Web page caption snippets:
[Start of section]
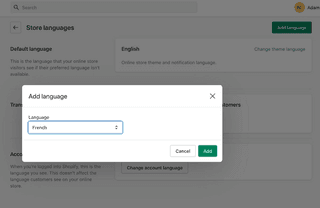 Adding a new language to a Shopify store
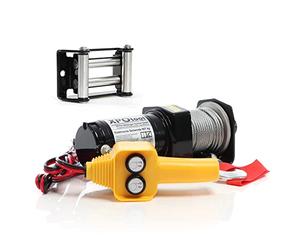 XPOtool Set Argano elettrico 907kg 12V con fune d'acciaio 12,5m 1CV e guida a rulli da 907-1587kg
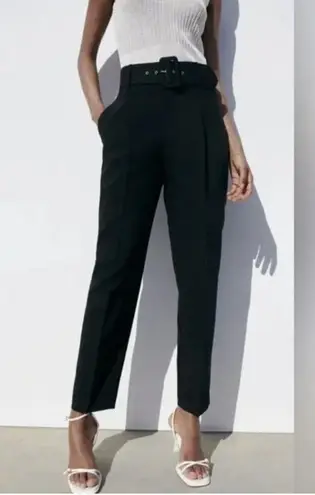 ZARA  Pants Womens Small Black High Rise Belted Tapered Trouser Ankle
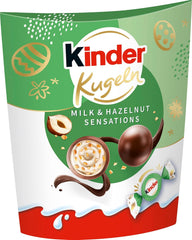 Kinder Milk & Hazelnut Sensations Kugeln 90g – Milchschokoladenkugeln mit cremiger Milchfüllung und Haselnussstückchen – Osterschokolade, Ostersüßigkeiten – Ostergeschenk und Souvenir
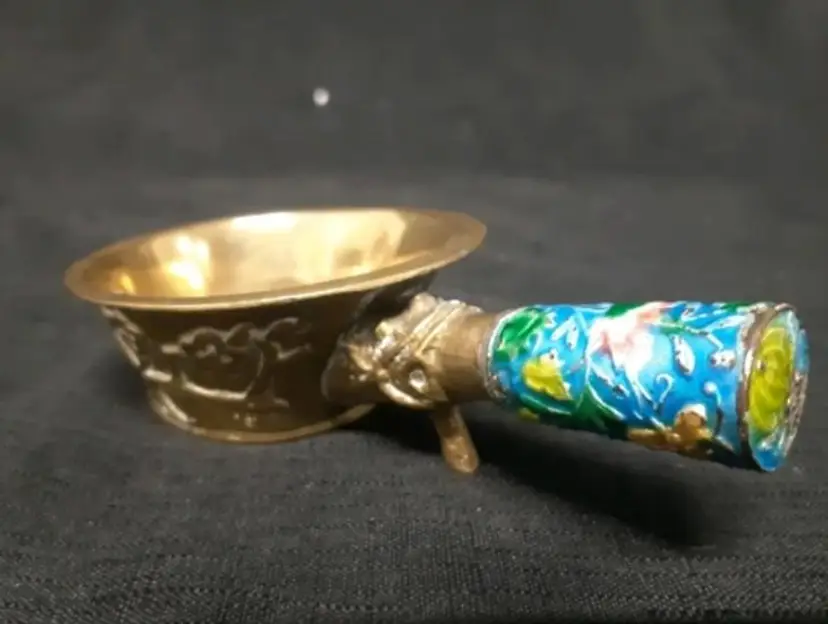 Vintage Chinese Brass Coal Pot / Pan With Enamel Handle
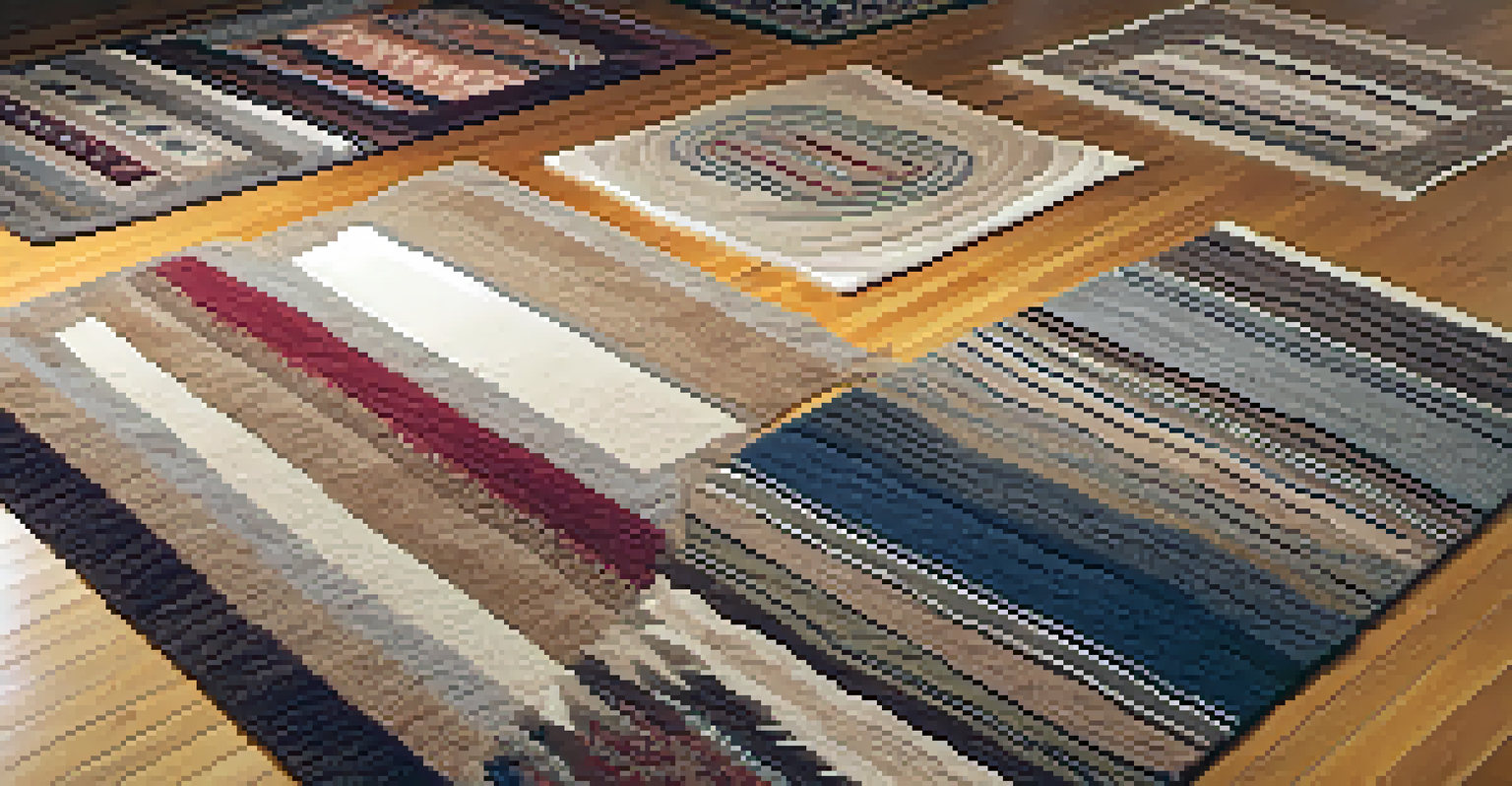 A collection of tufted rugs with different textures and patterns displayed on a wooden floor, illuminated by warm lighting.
[End of section]
What you return must match the data above exactly, with no images included.

Answer box:
 Adding a new language to a Shopify store
 XPOtool Set Argano elettrico 907kg 12V con fune d'acciaio 12,5m 1CV e guida a rulli da 907-1587kg
 ZARA  Pants Womens Small Black High Rise Belted Tapered Trouser Ankle
 Kinder Milk & Hazelnut Sensations Kugeln 90g – Milchschokoladenkugeln mit cremiger Milchfüllung und Haselnussstückchen – Osterschokolade, Ostersüßigkeiten – Ostergeschenk und Souvenir
 Vintage Chinese Brass Coal Pot / Pan With Enamel Handle
 A collection of tufted rugs with different textures and patterns displayed on a wooden floor, illuminated by warm lighting.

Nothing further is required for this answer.